Top of Records for this task

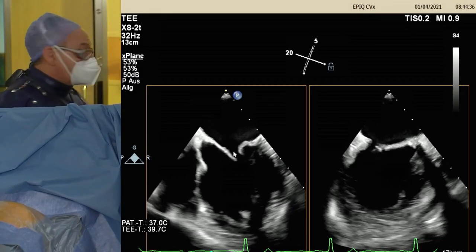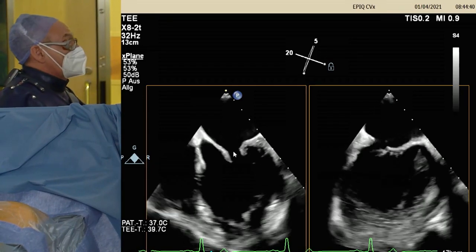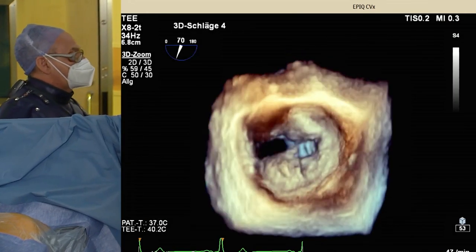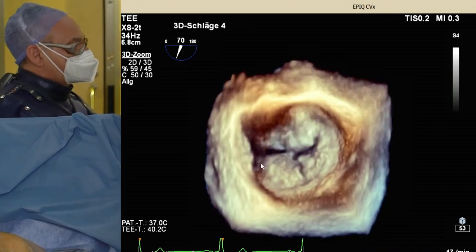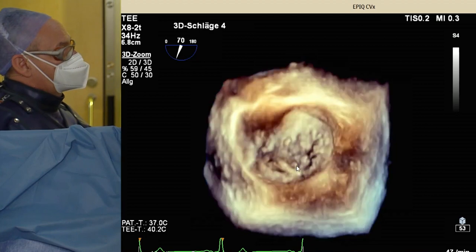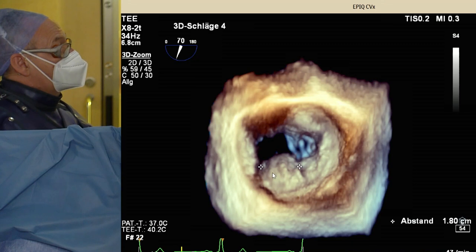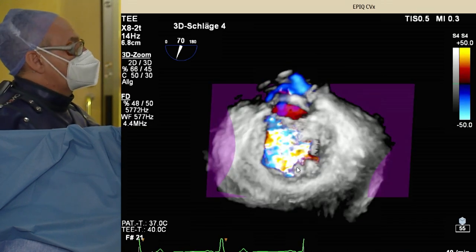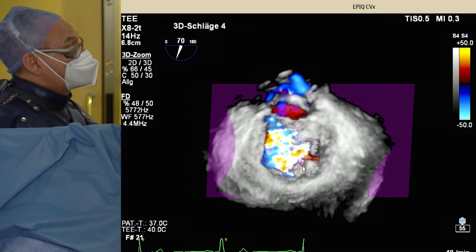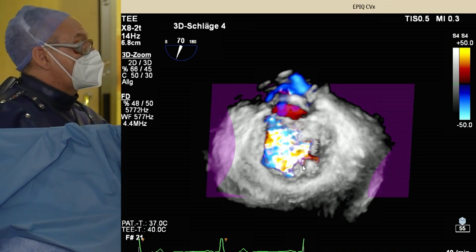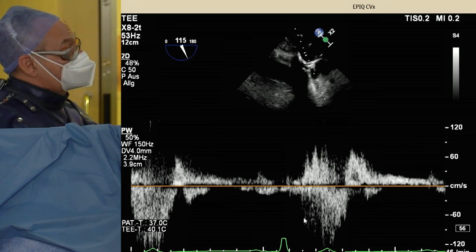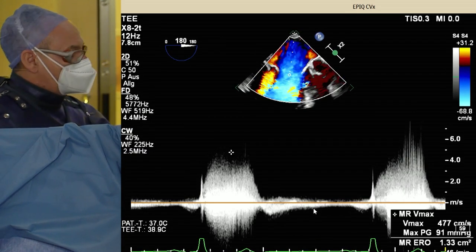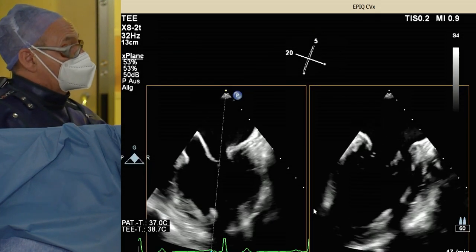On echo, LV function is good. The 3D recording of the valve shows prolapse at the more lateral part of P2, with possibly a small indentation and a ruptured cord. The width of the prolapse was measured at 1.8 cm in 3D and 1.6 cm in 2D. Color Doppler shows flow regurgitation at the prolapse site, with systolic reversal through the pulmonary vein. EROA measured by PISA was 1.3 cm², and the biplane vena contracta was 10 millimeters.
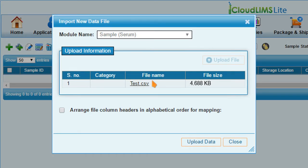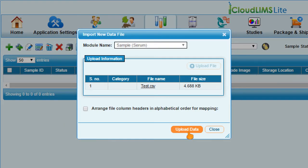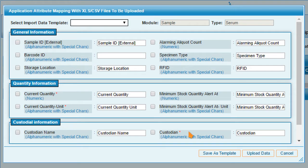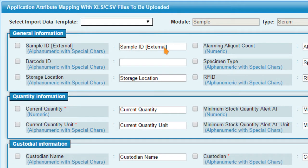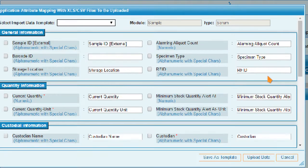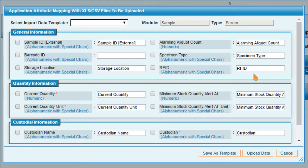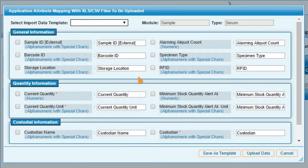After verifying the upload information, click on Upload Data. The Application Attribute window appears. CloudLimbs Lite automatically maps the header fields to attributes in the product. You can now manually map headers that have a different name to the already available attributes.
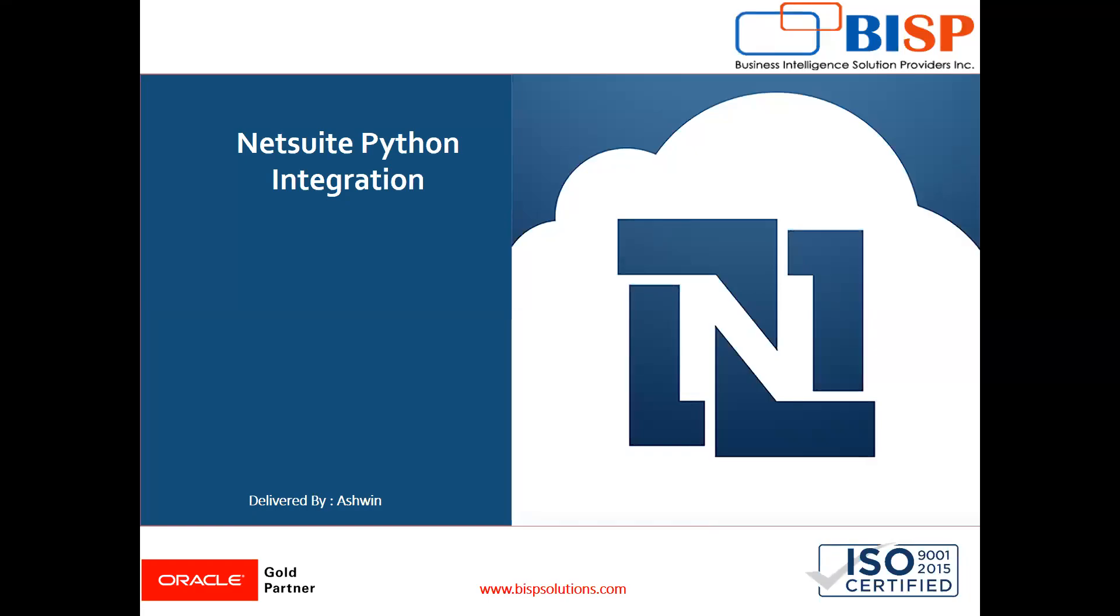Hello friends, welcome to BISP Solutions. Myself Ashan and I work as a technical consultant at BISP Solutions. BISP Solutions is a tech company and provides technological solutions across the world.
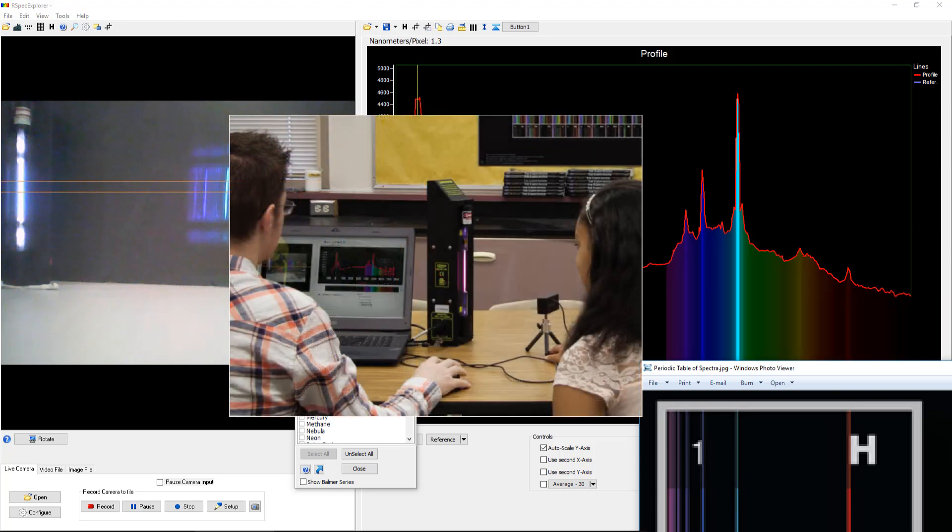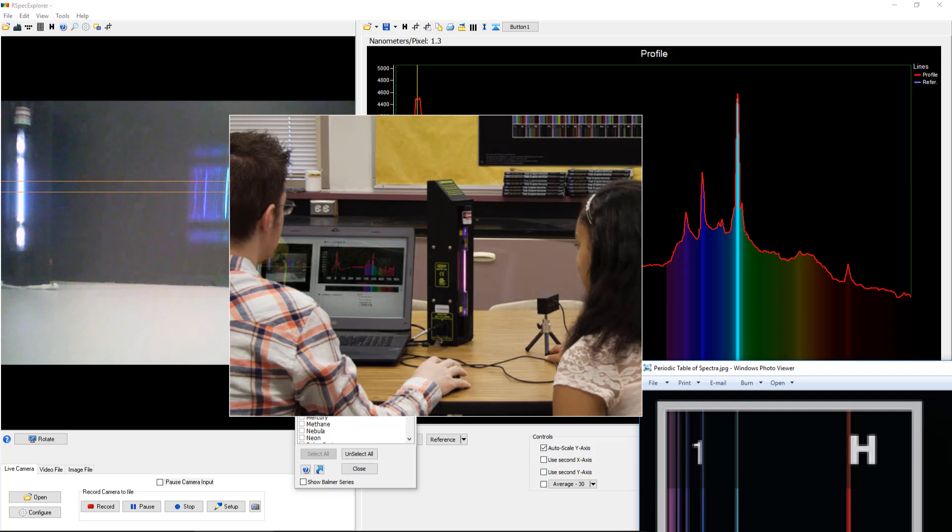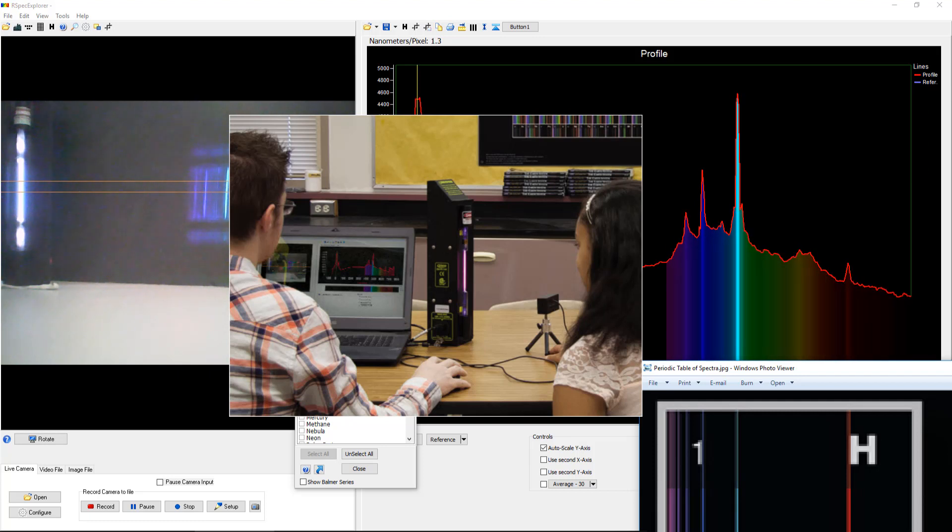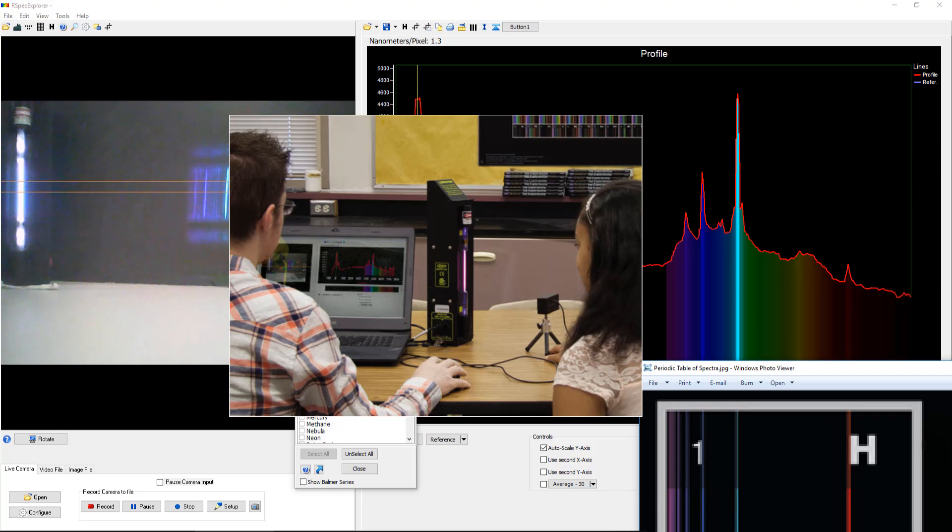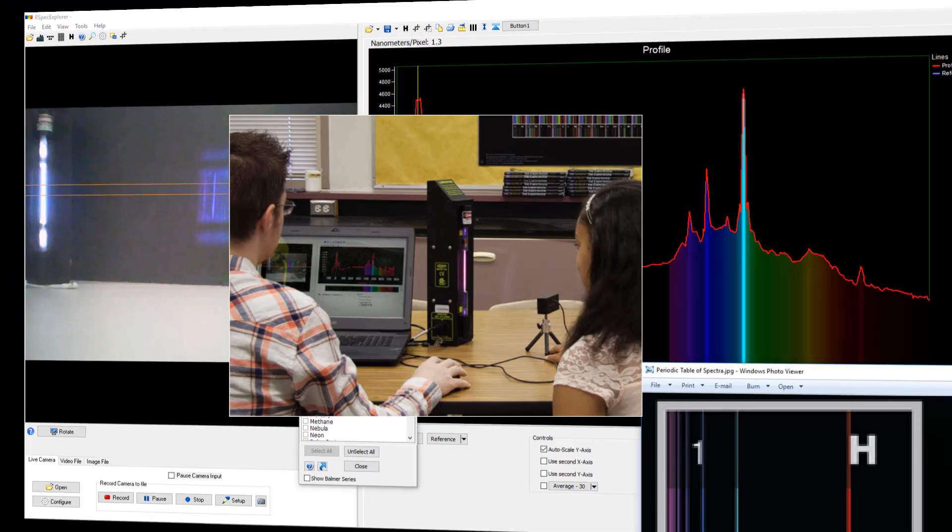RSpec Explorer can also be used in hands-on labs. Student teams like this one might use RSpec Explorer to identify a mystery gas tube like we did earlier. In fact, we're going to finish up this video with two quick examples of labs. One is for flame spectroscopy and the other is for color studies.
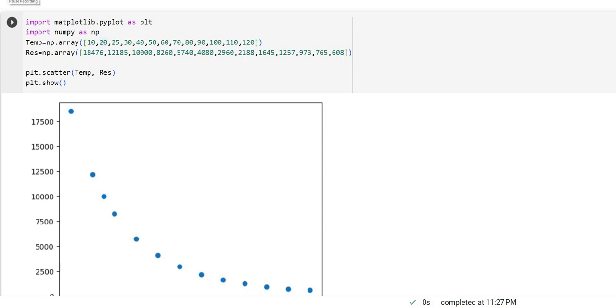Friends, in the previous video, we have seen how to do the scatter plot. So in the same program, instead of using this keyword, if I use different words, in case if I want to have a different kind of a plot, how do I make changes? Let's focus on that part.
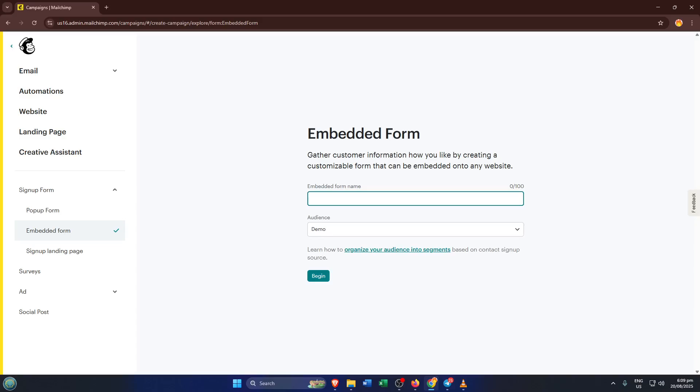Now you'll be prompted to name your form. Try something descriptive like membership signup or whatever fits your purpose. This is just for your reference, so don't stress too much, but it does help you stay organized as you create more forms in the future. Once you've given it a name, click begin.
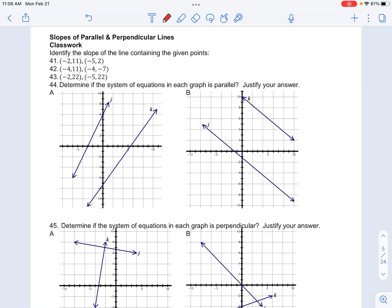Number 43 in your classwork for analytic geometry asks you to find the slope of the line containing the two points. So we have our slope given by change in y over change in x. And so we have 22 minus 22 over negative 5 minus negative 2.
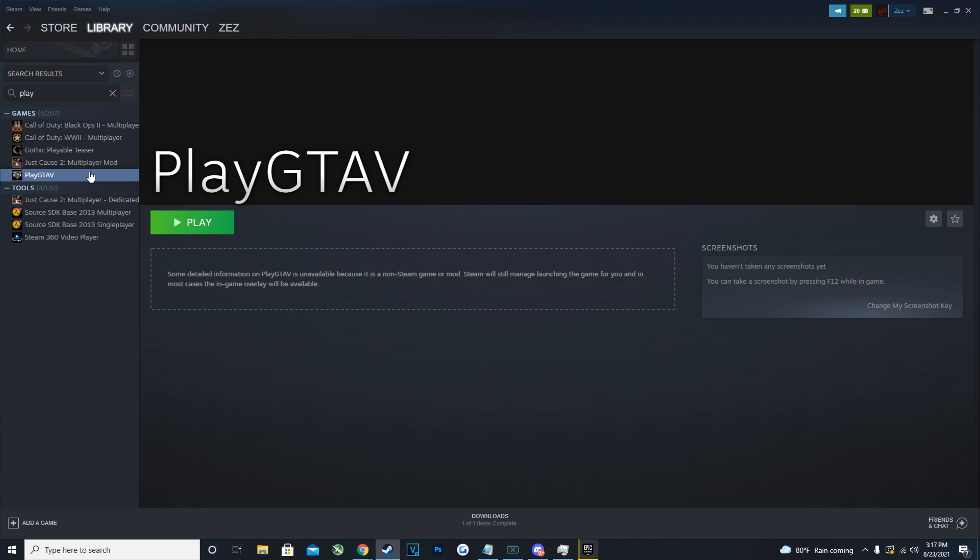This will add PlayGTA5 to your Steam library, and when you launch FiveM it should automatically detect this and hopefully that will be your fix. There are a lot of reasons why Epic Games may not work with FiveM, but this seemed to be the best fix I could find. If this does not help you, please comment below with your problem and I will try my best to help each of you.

Bottom of Records for this task

[Assignment] Pictures in the records above are not copied; print everything else exactly.

[Answer to this task]
On echo, LV function is good. The 3D recording of the valve shows prolapse at the more lateral part of P2, with possibly a small indentation and a ruptured cord. The width of the prolapse was measured at 1.8 cm in 3D and 1.6 cm in 2D. Color Doppler shows flow regurgitation at the prolapse site, with systolic reversal through the pulmonary vein. EROA measured by PISA was 1.3 cm², and the biplane vena contracta was 10 millimeters.
After verifying the upload information, click on Upload Data. The Application Attribute window appears. CloudLimbs Lite automatically maps the header fields to attributes in the product. You can now manually map headers that have a different name to the already available attributes.
Hello friends, welcome to BISP Solutions. Myself Ashan and I work as a technical consultant at BISP Solutions. BISP Solutions is a tech company and provides technological solutions across the world.
RSpec Explorer can also be used in hands-on labs. Student teams like this one might use RSpec Explorer to identify a mystery gas tube like we did earlier. In fact, we're going to finish up this video with two quick examples of labs. One is for flame spectroscopy and the other is for color studies.
Friends, in the previous video, we have seen how to do the scatter plot. So in the same program, instead of using this keyword, if I use different words, in case if I want to have a different kind of a plot, how do I make changes? Let's focus on that part.
Now you'll be prompted to name your form. Try something descriptive like membership signup or whatever fits your purpose. This is just for your reference, so don't stress too much, but it does help you stay organized as you create more forms in the future. Once you've given it a name, click begin.
Number 43 in your classwork for analytic geometry asks you to find the slope of the line containing the two points. So we have our slope given by change in y over change in x. And so we have 22 minus 22 over negative 5 minus negative 2.
This will add PlayGTA5 to your Steam library, and when you launch FiveM it should automatically detect this and hopefully that will be your fix. There are a lot of reasons why Epic Games may not work with FiveM, but this seemed to be the best fix I could find. If this does not help you, please comment below with your problem and I will try my best to help each of you.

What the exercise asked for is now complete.